WORK REQUIRED: Output each record exactly as given. Leave out every picture.

───

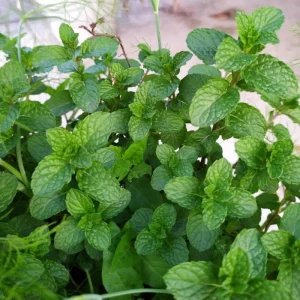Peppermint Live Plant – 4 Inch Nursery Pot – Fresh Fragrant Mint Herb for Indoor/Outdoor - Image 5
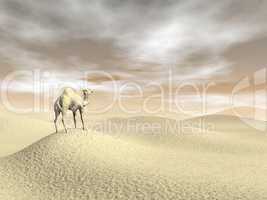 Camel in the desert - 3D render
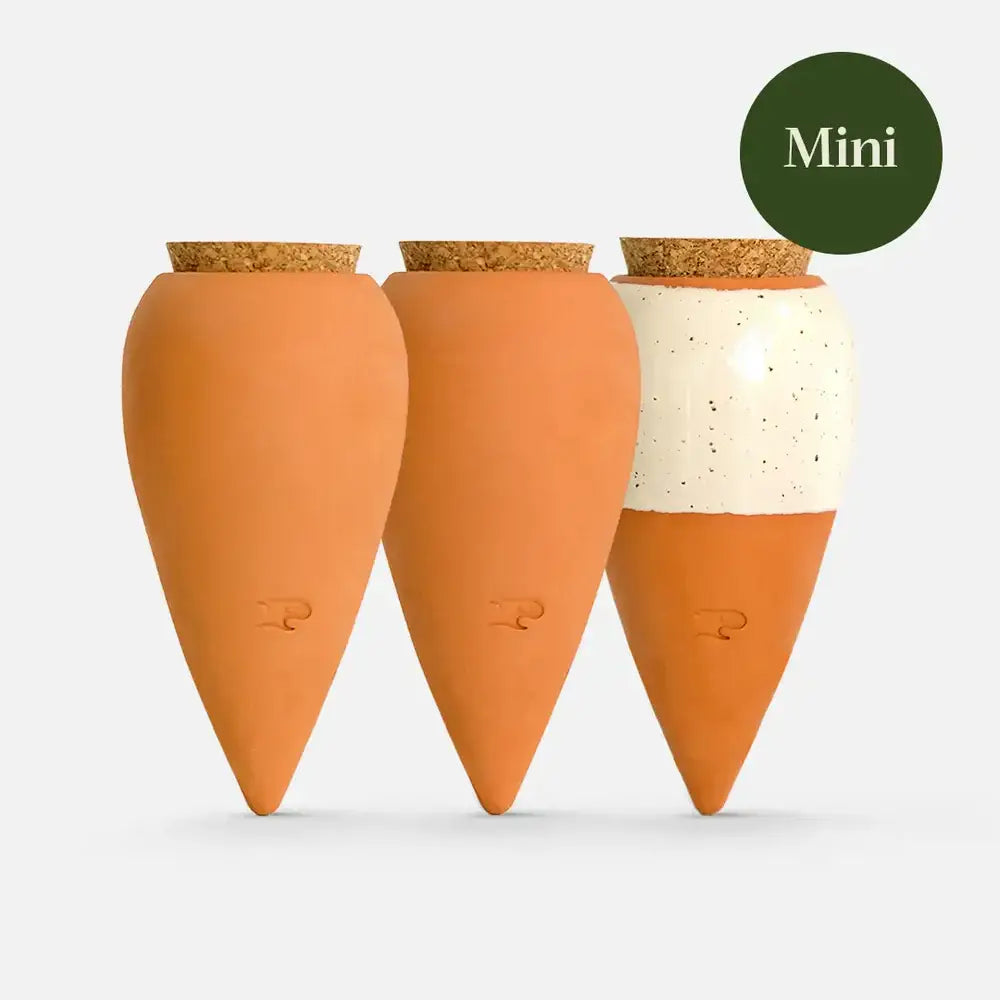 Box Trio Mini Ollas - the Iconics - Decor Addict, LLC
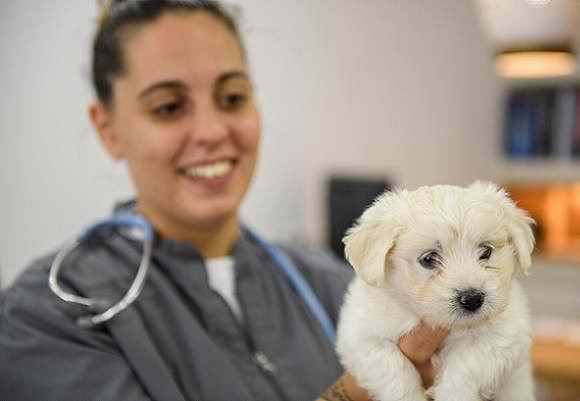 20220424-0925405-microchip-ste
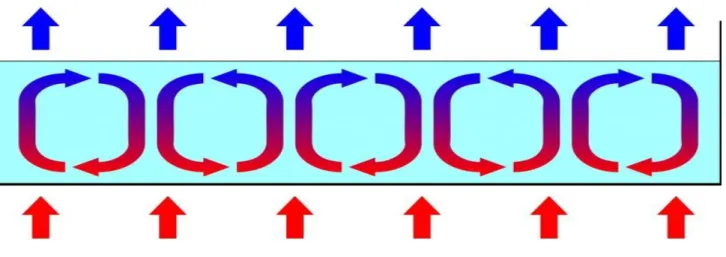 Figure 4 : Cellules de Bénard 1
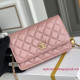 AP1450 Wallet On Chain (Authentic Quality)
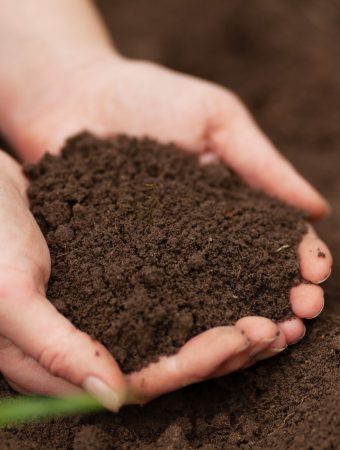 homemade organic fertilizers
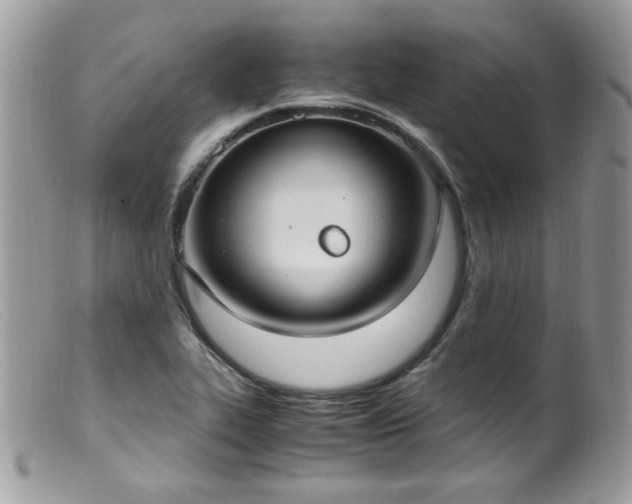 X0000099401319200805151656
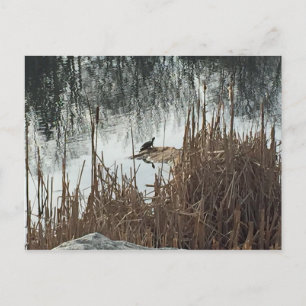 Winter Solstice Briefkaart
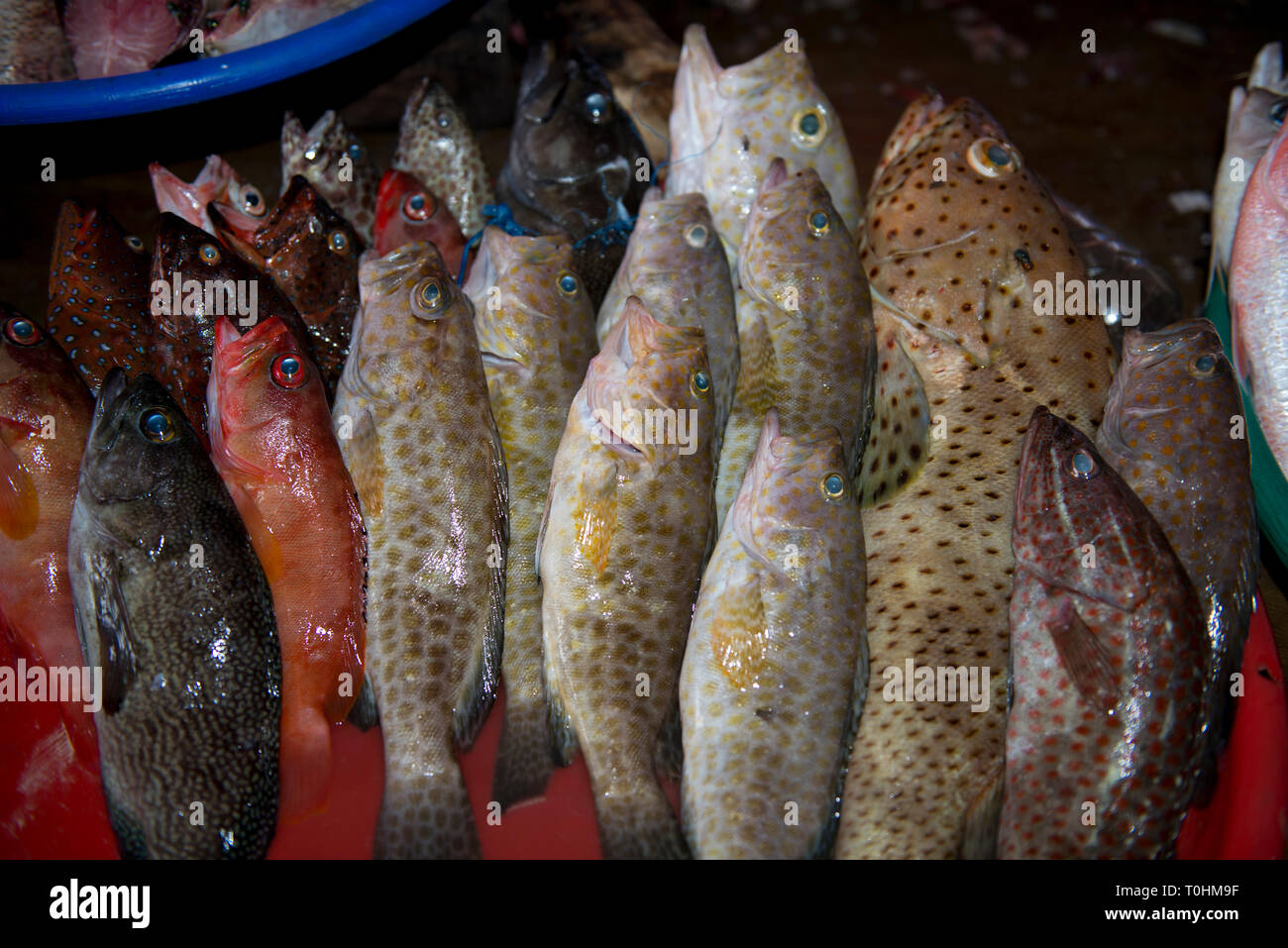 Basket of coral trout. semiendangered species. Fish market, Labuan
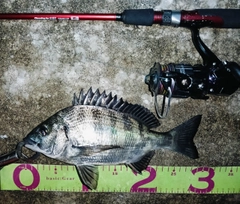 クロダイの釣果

───

EXPECTED OUTPUT:
Peppermint Live Plant – 4 Inch Nursery Pot – Fresh Fragrant Mint Herb for Indoor/Outdoor - Image 5
 Camel in the desert - 3D render
 Box Trio Mini Ollas - the Iconics - Decor Addict, LLC
 20220424-0925405-microchip-ste
 Figure 4 : Cellules de Bénard 1
 AP1450 Wallet On Chain (Authentic Quality)
 homemade organic fertilizers
 X0000099401319200805151656
 Winter Solstice Briefkaart
 Basket of coral trout. semiendangered species. Fish market, Labuan
 クロダイの釣果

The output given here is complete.